§ Your instructions:
Copy out again, unchanged, the listing below from the line that has "Antique Brass Floral Wall Sconce" through the line that has "Weeping cherry tree".

§ Input data:
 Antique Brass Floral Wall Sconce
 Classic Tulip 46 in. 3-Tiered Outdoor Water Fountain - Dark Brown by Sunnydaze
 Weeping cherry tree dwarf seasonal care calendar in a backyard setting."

...

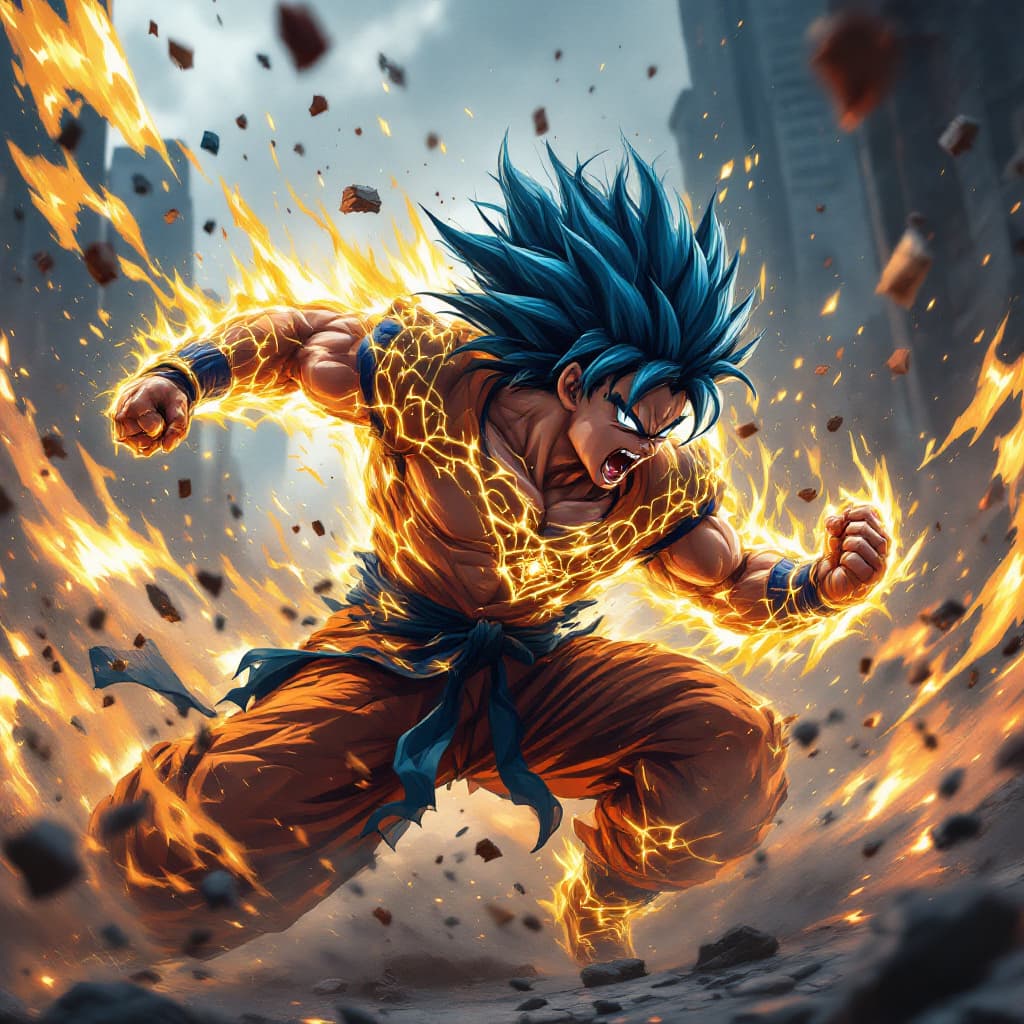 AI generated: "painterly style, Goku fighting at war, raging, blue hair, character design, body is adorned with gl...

§ Result of this exercise:
 Antique Brass Floral Wall Sconce
 Classic Tulip 46 in. 3-Tiered Outdoor Water Fountain - Dark Brown by Sunnydaze
 Weeping cherry tree dwarf seasonal care calendar in a backyard setting."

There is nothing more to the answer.